Somasiri e Padmasiri eram os melhores amigos de Jinadasa. Padmasiri, que era irmão de Wijisiri, inclusive, saiu junto com Jinadasa no dia de sua morte. Os dois foram comprar matéria-prima para a fabricação de incensos, porém, cada um foi para lugar diferentes.

Todos ficaram boquiabertos, cada vez que a conversa se aprofundava, mais Wijisiri ficava convencido sobre algo estarrecedor: seria Purnima a reencarnação de Jinadasa Perera ?

1996 – A Investigação de Erlendur Haraldsson

Erlendur Haraldsson focou sua investigação nas declarações de Purnima sobre sua vida passada. A primeira declaração de Purnima a ser investigada pelo pesquisador foi sobre o seu conhecimento em fabricar incensos. O pesquisador a perguntou se ela sabia fabricar incensos e Purnima disse que sim, e descreveu todo o processo de fabricação.

“Existem duas maneiras de fazer. Uma usa esterco de vaca, o outro modo usa as cinzas de lenhas (carvão vegetal). Uma pasta é produzida. Uma vara fina é cortada de um bambu e um tipo de goma é aplicado à vara. Então a vara é rolada sobre a pasta e então é colocado uma substância pra dar um cheiro agradável.” 

Até onde Purnima lembrava, o incenso fabricado por sua “antiga” família usava o segundo modo.

“Do que é feito o carvão vegetal e como ele é produzido ?” Perguntou Erlendur.

“Quando a lenha é queimada, você obtêm o carvão vegetal”, respondeu Purnima.

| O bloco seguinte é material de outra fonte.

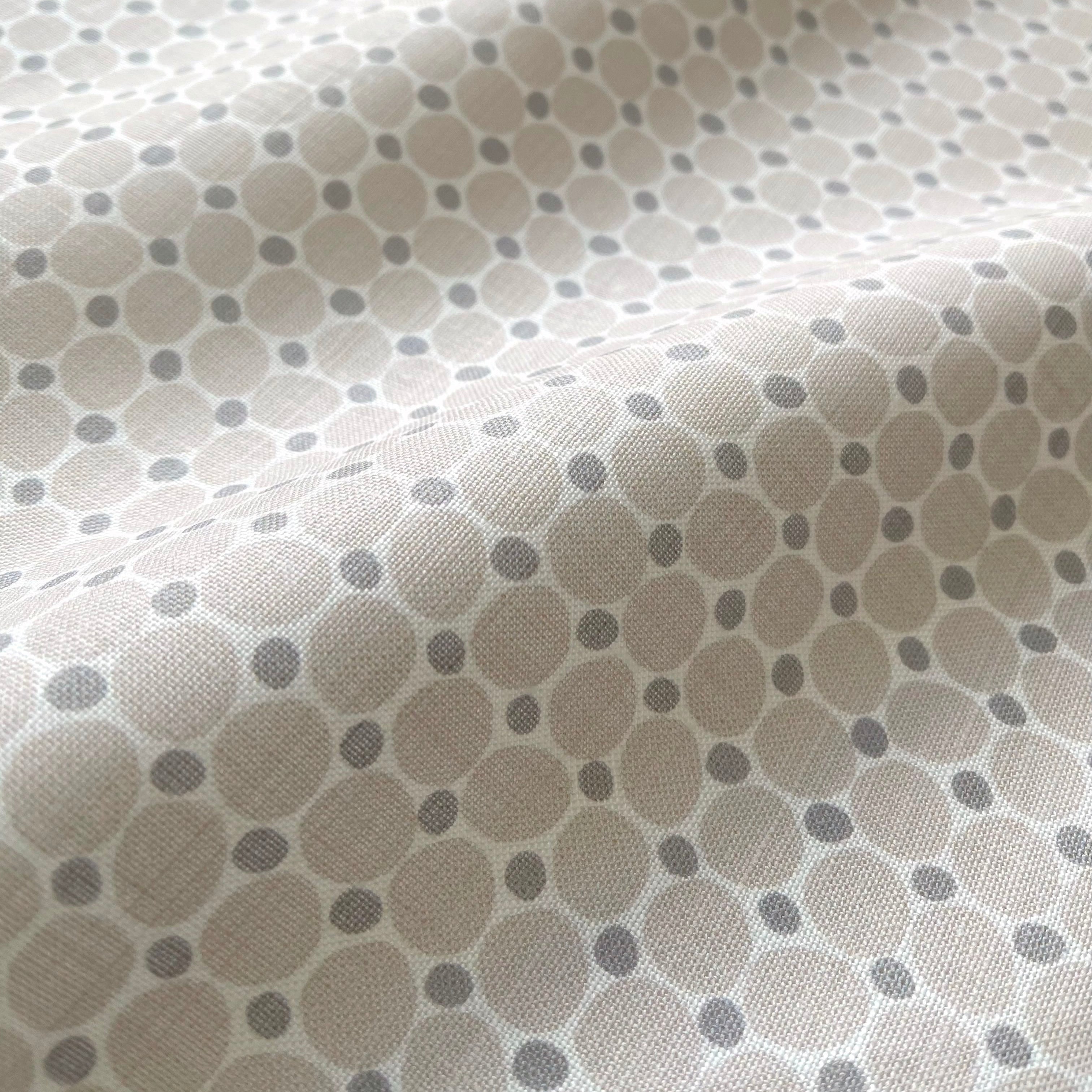 Cobblestone pillow in Buff – close-up of the fabric texture and pattern on linen backing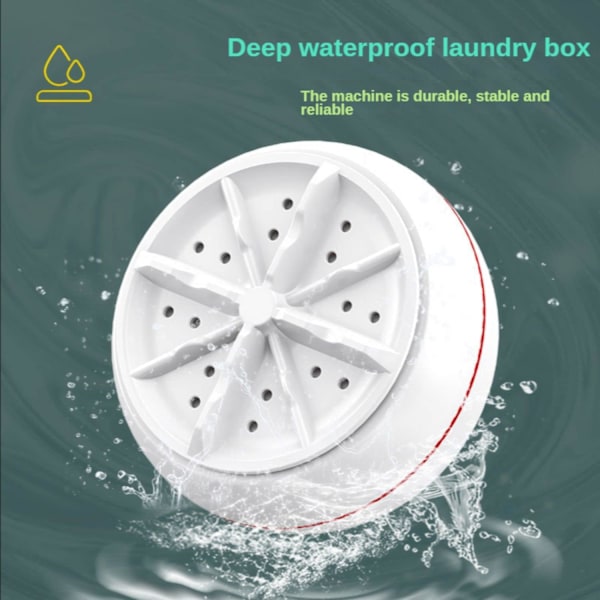 Mini-pesukone - 27W tehokas turbo pesukone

Após interrogar Purnima, Erlendur interrogou os pais da menina. Erlendur queria saber se eles sabiam como fabricar incensos. O pai de Purnima disse que uma vez ouviu que incensos poderiam ser feitos de esterco de vaca, mas que não sabia que poderia se fabricar incenso de carvão vegetal. A mãe de Purnima não sabia absolutamente nada a respeito.

Erlendur e seu intérprete viajaram até Angoda. Queriam ouvir Wijisiri, o cunhado de Jinadasa. Ao perguntarem Wijisiri sobre a fabricação de incensos, Wijisiri detalhou exatamente como Purnima havia dito.

 37Poornima

Das 20 lembranças listadas pelo pesquisador, 14 correspondiam com a vida de Jinadasa: (1, 2 , 3 , 4 , 5 , 7 , 8 , 10, 11, 13, 14, 15, 17 e 20).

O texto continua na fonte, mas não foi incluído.